Strikes and disputes continue in the aviation industry
Disputes at Brussels airport continued into Q2, involving the air traffic controllers at Skeyes as well as Ryanair. 
The air traffic controllers continued to protest against high levels of work pressure, consecutive shifts and understaffing. While an agreement was reached within the Joint Committee at the beginning of May, not all trade unions signed it. The Confederation of Christian Trade Unions – Transcom (ACV/CSC-Transcom) and the Free Trade Union of Civil Servants (SLFP/VSOA) chose to consult with their members within the sector first. In their opinion, the terms of the agreement were not enough to alleviate the high levels of work pressure.
In reaction to the strikes by the personnel at Skeyes, several cargo companies relocated their activities.  Arnaud Feist, CEO of Brussels Airport, stated that it was unclear how long this situation would continue. Much would depend on the works council scheduled for the end of June, where both parties would be represented and negotiations would continue. The pressure to find a solution increased further due to the upcoming summer season and ACV/CSC-Transcom announcing it was willing to strike during this period, if necessary.
At Ryanair, a preliminary agreement was reached at the end of May regarding wages and working conditions. The agreement stipulated that employees would receive a fixed monthly wage regardless of the number of flights they had serviced. Additional agreements were made regarding the remuneration of overnight stays, as well as holiday pay. These arrangements involved a wage increase of 25–50% for the current staff.
Support service targeted at freelancers
At the beginning of June, ACV/CSC announced it would launch a support service for freelancers called United Freelancers (UF). UF is one of the first formalised programmes for self-employed people without staff,  and members will be able to benefit from legal support and training.
Marc Leemans, ACV/CSC Director, stated that trade unions should initiate formal negotiations with the group at company, sectoral and national level. Spokespersons for the trade unions called it a first step towards preventing social dumping through false self-employment.  However, employer organisations were critical that the ACV/CSC was targeting freelancers. The Union of Self-Employed Entrepreneurs (UNIZO) and the Neutral Syndicate for the Self-employed (NSZ) expressed their concerns, since they have a large number of small and medium-sized enterprises (SMEs) as members. They claimed that the negotiation opportunities for trade unions were vague and undefined, and that enlisting freelancers within a trade union was practically forcing them to remain small, one-person operations. The employer organisations also criticised the fact that trade unions had not cooperated in the past to improve the conditions and position of self-employed workers. Despite this, they agreed that the current problems regarding false self-employment needed to be addressed.
Intersectoral negotiations arrive at partial solution
The intersectoral wage negotiations that started in January 2019 continued in Q2, with social partners unable to reach a unanimous agreement. 

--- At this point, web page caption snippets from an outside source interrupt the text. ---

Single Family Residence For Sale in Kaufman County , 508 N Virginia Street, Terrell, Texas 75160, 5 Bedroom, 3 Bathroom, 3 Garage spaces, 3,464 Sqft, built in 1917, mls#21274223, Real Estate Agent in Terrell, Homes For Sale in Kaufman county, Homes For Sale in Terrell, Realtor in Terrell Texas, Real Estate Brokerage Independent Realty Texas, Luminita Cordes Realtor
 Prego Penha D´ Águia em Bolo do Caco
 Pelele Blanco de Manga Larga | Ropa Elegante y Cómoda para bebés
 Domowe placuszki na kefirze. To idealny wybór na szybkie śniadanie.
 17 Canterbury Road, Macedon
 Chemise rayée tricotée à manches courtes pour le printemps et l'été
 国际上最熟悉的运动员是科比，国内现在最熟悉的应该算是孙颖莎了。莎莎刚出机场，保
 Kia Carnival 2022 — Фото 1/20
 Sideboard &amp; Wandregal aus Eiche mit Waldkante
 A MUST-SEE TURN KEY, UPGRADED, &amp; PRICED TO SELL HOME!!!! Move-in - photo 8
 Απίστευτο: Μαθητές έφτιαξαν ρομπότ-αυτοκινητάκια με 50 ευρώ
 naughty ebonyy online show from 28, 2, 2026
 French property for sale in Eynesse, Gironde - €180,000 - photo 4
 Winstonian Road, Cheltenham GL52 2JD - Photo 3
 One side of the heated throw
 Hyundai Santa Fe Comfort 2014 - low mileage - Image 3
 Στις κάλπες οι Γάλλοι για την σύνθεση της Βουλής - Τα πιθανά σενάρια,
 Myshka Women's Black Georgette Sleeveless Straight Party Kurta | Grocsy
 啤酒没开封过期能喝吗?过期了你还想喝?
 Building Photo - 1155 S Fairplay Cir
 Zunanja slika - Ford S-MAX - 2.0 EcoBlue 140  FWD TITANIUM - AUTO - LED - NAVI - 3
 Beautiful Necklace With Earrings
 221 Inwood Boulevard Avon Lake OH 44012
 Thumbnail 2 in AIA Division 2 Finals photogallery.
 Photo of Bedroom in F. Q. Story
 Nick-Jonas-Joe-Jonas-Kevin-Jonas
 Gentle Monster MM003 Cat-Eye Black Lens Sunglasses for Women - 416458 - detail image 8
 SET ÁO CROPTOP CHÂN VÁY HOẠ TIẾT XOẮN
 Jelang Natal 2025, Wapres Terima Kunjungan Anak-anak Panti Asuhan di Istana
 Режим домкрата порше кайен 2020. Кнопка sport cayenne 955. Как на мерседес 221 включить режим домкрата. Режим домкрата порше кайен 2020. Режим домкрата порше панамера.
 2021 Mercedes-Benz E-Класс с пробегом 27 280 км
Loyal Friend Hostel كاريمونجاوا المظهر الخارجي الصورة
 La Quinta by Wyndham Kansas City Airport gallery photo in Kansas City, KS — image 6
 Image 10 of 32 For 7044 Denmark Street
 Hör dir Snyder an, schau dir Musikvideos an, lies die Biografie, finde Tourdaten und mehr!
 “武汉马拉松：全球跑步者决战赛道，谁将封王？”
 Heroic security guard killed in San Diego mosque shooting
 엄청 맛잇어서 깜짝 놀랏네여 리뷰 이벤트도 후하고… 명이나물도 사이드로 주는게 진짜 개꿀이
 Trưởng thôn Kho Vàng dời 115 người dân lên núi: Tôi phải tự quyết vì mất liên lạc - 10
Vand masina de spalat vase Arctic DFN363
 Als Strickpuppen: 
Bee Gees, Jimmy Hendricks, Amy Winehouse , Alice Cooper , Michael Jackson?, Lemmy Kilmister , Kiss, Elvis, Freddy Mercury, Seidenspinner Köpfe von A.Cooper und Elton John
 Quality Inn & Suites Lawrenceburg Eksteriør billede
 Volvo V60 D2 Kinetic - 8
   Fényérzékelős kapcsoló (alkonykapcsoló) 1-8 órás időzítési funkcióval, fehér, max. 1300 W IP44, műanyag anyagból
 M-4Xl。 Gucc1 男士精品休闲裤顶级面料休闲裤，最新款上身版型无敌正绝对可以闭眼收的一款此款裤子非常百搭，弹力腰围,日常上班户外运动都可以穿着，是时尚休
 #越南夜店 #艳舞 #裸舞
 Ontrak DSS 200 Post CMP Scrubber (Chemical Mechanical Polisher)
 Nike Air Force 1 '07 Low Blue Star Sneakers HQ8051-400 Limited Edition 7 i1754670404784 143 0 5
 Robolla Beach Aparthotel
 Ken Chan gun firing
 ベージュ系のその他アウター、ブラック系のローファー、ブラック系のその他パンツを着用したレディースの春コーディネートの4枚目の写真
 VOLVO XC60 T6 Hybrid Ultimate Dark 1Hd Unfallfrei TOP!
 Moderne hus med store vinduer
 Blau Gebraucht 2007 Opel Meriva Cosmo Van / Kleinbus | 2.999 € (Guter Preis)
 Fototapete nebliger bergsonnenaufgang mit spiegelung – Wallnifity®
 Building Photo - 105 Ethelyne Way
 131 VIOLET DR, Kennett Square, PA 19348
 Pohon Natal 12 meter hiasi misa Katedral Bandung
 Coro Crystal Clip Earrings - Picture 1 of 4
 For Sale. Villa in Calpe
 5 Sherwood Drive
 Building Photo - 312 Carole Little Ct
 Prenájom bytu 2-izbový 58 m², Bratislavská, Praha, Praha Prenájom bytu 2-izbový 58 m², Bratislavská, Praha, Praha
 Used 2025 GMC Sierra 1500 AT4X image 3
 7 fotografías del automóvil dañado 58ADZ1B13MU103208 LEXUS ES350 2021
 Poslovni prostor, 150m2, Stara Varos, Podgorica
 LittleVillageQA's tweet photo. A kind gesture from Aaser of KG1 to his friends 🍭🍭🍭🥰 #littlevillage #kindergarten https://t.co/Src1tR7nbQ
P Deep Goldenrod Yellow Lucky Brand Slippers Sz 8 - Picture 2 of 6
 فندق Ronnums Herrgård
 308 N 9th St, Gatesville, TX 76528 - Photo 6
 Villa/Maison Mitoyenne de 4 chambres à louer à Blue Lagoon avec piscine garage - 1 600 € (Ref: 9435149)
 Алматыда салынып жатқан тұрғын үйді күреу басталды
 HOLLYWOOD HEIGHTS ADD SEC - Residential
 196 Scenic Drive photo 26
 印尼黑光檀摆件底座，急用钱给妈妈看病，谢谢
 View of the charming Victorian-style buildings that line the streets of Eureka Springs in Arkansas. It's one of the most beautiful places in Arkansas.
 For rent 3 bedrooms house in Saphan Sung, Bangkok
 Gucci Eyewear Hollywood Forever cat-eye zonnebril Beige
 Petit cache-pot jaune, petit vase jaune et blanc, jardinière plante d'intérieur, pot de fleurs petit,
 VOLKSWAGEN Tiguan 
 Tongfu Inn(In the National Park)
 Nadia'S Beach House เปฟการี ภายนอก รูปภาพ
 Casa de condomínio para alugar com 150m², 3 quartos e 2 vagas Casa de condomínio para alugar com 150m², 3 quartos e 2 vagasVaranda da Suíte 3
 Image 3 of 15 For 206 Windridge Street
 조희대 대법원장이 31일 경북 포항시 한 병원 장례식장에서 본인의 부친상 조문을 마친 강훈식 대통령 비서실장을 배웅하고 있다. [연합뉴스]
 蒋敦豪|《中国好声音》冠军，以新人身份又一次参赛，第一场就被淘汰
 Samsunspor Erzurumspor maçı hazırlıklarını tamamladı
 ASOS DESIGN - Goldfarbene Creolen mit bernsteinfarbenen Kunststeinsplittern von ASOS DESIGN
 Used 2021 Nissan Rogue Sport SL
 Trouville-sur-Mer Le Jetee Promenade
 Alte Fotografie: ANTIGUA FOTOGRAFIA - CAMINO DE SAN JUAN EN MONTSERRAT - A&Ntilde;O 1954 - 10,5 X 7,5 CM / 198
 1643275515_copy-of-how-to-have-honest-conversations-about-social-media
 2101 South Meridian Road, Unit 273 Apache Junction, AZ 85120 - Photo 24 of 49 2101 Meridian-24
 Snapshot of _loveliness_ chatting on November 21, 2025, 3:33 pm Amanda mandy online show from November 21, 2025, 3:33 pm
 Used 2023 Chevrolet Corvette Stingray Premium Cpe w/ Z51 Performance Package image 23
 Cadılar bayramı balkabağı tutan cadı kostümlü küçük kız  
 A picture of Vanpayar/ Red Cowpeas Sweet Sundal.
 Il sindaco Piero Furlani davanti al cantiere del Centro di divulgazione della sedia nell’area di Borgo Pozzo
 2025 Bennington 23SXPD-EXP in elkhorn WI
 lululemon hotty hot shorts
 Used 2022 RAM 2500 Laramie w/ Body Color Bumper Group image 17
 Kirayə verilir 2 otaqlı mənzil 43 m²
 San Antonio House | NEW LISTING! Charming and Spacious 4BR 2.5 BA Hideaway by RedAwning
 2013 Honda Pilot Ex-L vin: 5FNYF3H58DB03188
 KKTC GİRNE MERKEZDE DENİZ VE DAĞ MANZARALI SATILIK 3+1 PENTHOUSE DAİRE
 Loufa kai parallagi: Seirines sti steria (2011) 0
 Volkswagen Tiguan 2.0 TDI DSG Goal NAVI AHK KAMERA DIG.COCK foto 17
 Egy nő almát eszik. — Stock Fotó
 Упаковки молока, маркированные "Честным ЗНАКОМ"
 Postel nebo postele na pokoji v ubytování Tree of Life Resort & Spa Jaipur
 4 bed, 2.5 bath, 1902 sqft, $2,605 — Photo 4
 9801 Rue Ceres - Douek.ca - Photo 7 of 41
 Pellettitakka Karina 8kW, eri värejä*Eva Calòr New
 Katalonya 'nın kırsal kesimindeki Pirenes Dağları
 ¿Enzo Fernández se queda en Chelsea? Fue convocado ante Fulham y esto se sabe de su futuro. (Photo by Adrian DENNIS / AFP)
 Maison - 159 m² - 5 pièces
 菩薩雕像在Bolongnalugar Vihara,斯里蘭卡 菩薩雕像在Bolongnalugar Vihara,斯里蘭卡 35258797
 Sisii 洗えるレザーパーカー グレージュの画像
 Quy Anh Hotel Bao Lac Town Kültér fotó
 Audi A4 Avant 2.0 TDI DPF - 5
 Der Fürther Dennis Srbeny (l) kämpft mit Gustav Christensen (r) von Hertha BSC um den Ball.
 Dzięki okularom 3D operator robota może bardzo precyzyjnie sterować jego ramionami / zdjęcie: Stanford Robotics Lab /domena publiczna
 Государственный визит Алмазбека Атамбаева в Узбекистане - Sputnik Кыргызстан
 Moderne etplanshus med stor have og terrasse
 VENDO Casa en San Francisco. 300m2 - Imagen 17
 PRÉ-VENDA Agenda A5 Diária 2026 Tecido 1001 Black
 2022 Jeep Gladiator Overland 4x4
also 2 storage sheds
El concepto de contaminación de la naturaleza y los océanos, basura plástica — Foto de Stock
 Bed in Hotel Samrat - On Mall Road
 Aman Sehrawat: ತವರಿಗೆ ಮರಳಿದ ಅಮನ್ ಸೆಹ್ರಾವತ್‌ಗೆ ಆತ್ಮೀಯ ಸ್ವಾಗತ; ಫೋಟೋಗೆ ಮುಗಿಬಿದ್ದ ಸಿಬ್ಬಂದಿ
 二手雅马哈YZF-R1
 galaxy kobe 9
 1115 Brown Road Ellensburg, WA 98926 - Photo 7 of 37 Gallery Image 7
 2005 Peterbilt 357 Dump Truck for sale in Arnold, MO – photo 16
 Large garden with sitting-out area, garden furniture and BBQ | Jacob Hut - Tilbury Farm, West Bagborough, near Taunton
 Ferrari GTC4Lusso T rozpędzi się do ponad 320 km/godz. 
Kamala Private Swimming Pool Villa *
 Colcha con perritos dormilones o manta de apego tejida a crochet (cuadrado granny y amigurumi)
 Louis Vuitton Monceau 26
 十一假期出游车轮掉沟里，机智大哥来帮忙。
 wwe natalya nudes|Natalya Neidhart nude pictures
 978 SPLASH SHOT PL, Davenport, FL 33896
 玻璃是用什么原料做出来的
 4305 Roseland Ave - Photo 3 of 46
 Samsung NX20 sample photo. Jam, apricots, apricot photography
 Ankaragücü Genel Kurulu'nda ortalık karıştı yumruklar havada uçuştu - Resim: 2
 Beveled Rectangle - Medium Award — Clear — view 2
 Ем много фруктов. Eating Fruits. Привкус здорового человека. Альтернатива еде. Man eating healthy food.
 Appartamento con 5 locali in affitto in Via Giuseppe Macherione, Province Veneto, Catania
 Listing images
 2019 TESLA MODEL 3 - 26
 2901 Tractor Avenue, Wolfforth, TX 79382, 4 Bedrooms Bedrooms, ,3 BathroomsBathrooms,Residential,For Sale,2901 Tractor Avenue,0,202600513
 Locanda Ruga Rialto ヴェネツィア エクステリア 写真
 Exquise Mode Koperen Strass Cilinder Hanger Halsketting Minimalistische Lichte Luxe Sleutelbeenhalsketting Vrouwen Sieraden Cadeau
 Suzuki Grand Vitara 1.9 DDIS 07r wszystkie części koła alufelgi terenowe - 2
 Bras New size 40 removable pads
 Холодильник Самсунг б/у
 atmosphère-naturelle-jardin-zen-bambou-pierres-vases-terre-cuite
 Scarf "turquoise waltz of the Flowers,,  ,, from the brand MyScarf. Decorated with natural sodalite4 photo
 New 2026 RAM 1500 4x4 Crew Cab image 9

The government had been given the final decision on a proposal for a new wage norm that was put forward by trade unions and employer organisations, after it was rejected by the radical wing of the General Federation of Belgian Labour (ABVV/FGTB). However, to avoid a lengthy and difficult procedure in parliament, Prime Minister Charles Michel and Minister of Employment, Economy and Consumers Kris Peeters found that it was possible to establish a wage norm by Royal Decree rather than through parliament.  A decree was subsequently issued, which stated that the wage norm for all wages within the private sector could rise by up to 1.1%. As is the general procedure, the wage norm can now be negotiated within the different joint committees.
For other elements of the negotiations, such as the welfare envelope and making the early retirement scheme more flexible, a collective agreement has to be signed within the National Labour Council. While the ABVV/FGTB agreed with some of the proposals, they rejected the proposed minimum wage increase on the grounds that it was far too low. This will be up for further negotiation in the coming months.
Regarding the difficulties at Skeyes, the works council has not made any further information public and it is therefore unclear whether any progress has been made and if a consensus is likely to be reached. However, no additional strikes have been announced (as of the time of writing) and the situation appears to be stable.
It is also unclear if the ABVV/FGTB and the General Confederation of Liberal Trade Unions (ACLVB-CGSLB) intend to follow the example of ACV/CSC by establishing a service specifically for freelancers and the self-employed without staff. Meanwhile, the legal competences of UF have yet to be clearly delineated, as currently they are not allowed to negotiate formally on behalf of their members.